Supplied material
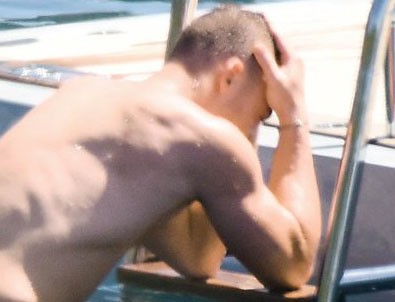 Kerem Bürsin kafa üstü kuma çakıldı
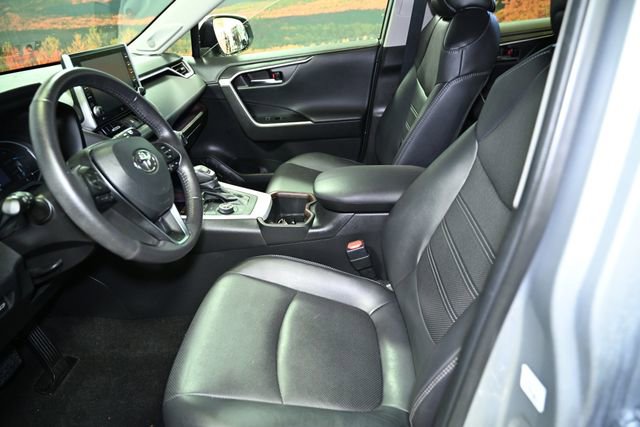 Used 2022 Toyota RAV4 Limited image 19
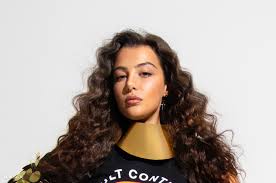 Tóth was born in oradea (nagyvárad), in romania on 18 january 1999. Index Mindekozben Toth Andi Nem Akar Tobbet Celebeskedni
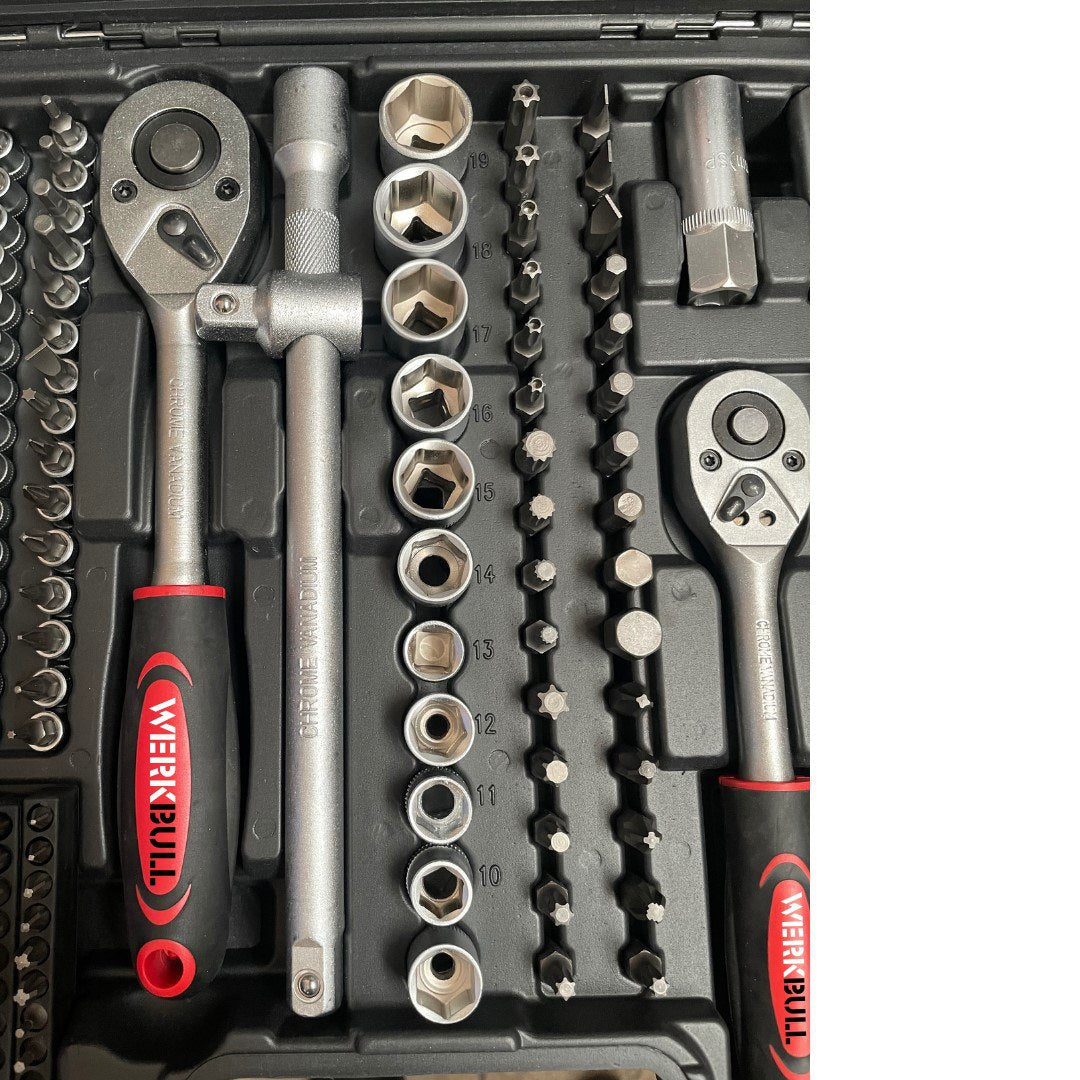 Немски Куфар с Инструменти 216ч WerkBull Гедоре с 3бр Тресчотка и ключове 8-22- Тресчотни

What you should do
The answer should contain only the lines from the one with "Tóth was born" through the last line of the material, given word for word and without pictures.

Solution for this task
 Tóth was born in oradea (nagyvárad), in romania on 18 january 1999. Index Mindekozben Toth Andi Nem Akar Tobbet Celebeskedni
 Немски Куфар с Инструменти 216ч WerkBull Гедоре с 3бр Тресчотка и ключове 8-22- Тресчотни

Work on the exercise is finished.